## Your task
Give back exactly the stretch of data below from the line holding "Apartament Alpenzauber Arzl im Pitztal" through the line holding "Used 2019 Honda CR-V Touring SUV", both ends included, and leave the remaining lines out.

## Provided information

------------------------------------------------

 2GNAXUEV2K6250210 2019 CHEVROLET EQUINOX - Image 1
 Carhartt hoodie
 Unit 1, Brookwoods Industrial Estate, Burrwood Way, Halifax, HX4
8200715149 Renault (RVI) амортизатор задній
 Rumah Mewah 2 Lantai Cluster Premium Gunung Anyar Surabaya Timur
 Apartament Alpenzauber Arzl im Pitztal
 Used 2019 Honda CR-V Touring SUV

------------------------------------------------

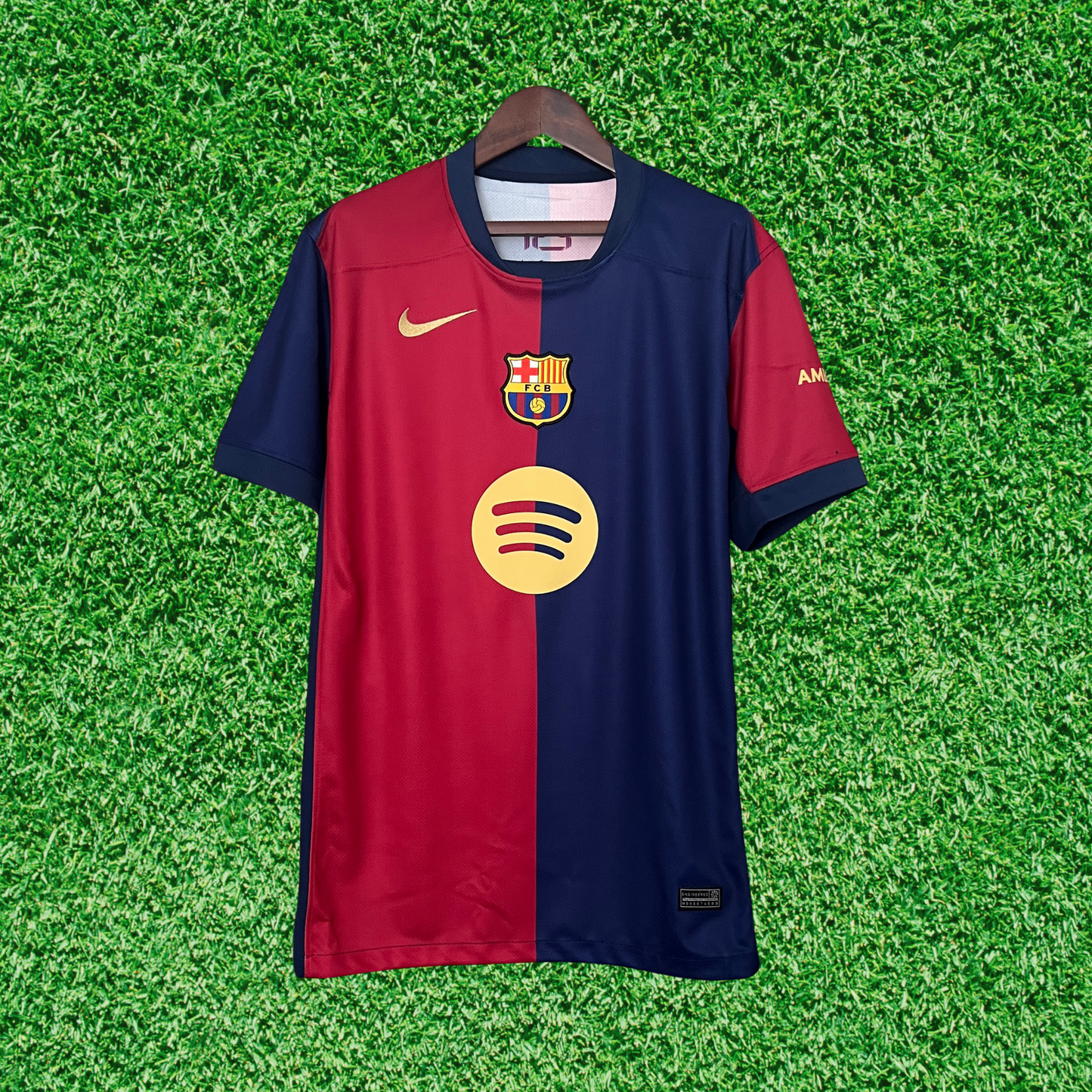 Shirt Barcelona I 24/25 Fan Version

------------------------------------------------

## Exercise output
 Apartament Alpenzauber Arzl im Pitztal
 Used 2019 Honda CR-V Touring SUV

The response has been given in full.